Alexandra Palace – or the People’s Palace, as it has been branded since its construction and opening in the second-half of the nineteenth century – proudly stands surveying north-east London. With sandwiches and sun cream, we planted ourselves upon a beautifully manicured lawn within Alexandra Park amidst the regimented flowerbeds so typical of nineteenth-century public parks. As we surveyed the panoramic view of London that spread out beneath us, our gaze and thoughts turned to the other attractions this Victorian creation has to offer (see painting above). Despite being commonly known as one of London’s best picnicking spots, the complex history of this site is hidden from most visitors who attend. Even thought there were large celebrations held last year to mark the 150th anniversary of its conception, the venue lives in the present, with few references to its historical past.

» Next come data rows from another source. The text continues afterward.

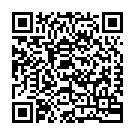 C&oacute;digo QR con el enlace al titular Miles de personas lanzan en LeÃ³n un grito feminista por la igualdad real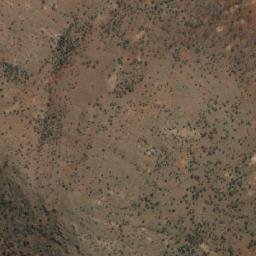 Satellite imagery of Bond Hill, AU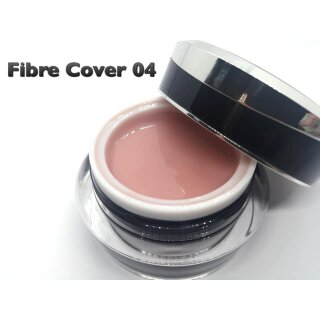 Fibre Cover 04- 5 ml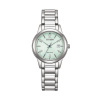 Citizen FE1241-71X CLASSIC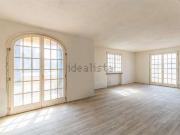 Appartamento in vendita di 770 m² in Via Ludovico D&apos...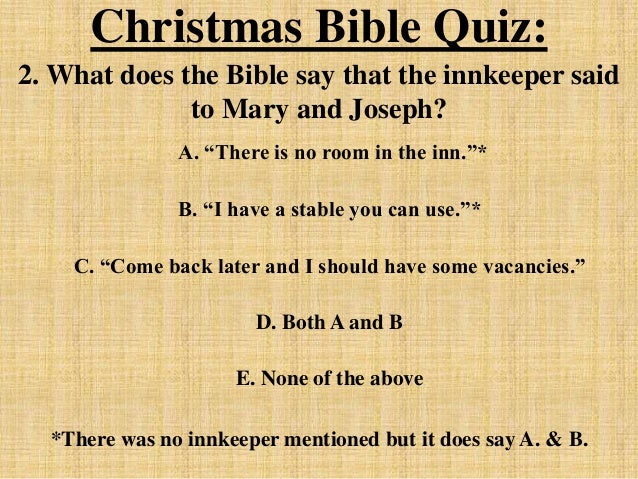 warriors ss bible study december 13 2015 warriors ss bible study december 13 2015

This large and ornately decorated building is located at the top of an extremely steep hill just outside of Wood Green and is the proud owner of a railway station named after itself, a boating lake, a deer park, a BBC transmitter and an ice rink. Although not all Victorian originals, these accolades demonstrate the Victorians’ aims for this site. First opened in 1873, it was intended as a location for north Londoners to come and partake in a whole range of entertainments – something of a rival to the recently relocated Crystal Palace, which went south to Sydenham. Despite fire, vandalism, and neglect, the building continues to play host to exhibitions and concerts to this day – as originally intended – fittingly providing the site with a long history of fun and frivolity.
However, the building has a history of entertainment and education which dates back before its life as Alexandra Palace began. The building was not a new build, but a material appropriation. Many of the bricks used to construct the building had originally formed the structure of the building used to house the 1862 International Exhibition in South Kensington. Although never highly praised as an object of good design, this temporary construction not only seems to have lent its material make-up to Alexandra Palace, but also inspired its formal composition. Stretching out along the hill, the Palace is symmetrical in composition – apart from the transmitter on the right hand corner – with a central block ornamented by the round ‘rose’ window (see above) and domes on both ends. This replicates the general format of the façade of the 1862 International Exhibition – with the exception of the wings which then extended behind the two domed court at the earlier configuration.
Despite the material and aesthetic similarities between the 1862 International Exhibition and Alexandra Palace, it is now very difficult to decipher which parts of the existing building are more than a wink and a nudge to its 150 year history. Succumbing to fire days after it was opened in 1873, used and abused during both the world wars, and then re-furbished in the 1990s by Haringey Council – a careful look at the bricks, masonry, decorative features and ornamental flourishes in the present building demonstrates the composite nature of this building and its history. These re-appropriations and restorations make Ally Pally a surprisingly complicated structure to read.
The building is comprised of bricks of many colours. In some instances this is a clear decorative choice – but it many others it is a response to change over time, addition, subtraction and re-design. Alternative materials have been added on both a permanent and temporary bases (see left), and in many places the appropriation of architectural feature feels more like a cut and paste job than assimilation or even potential up-cycling (as below).
Although credit must be given for the maintenance of the nineteenth-century character of the building – with turquoise hand rails, lamp-posts and view finders along its front transporting the visitor back to the Victorian seaside – this can at times appear less successful and more forced. The palms and Egyptian sphinxes in the ‘Palm Court’ are more Las Vegas than Kew Gardens, and the pointing figure signs and signage font pull Punch and Judy out of the Mop Fair and into the exhibitionary culture of the twentieth century.
What Henry Cole would say of the mass open and empty space inside the main exhibition hall that one can catch a glimpse of when peeping through the round windows in the building’s front doors is debatable. However, we are certain that an ice-rink and boating lake would not have lived up to his expectations of education and edification – but he would have been more impressed by the symbol of British engineering innovation poised atop the building’s right corner!
To finish, this site and our visit is perhaps best summed up by this image:
Closest to us sits – bobbing – the most obvious sign of entertainment and fun: plastic dragon and swan pedal boats. Watching over them in a quasi-protective manner is one Alexandra Palace’s two domes, which stands beside the BBC transmitter – confidently pointing to the sky and beyond. These three very different functional, material and structural objects encompass the very essence and history of Alexandra Palace, simultaneously speaking of its past, present, and future.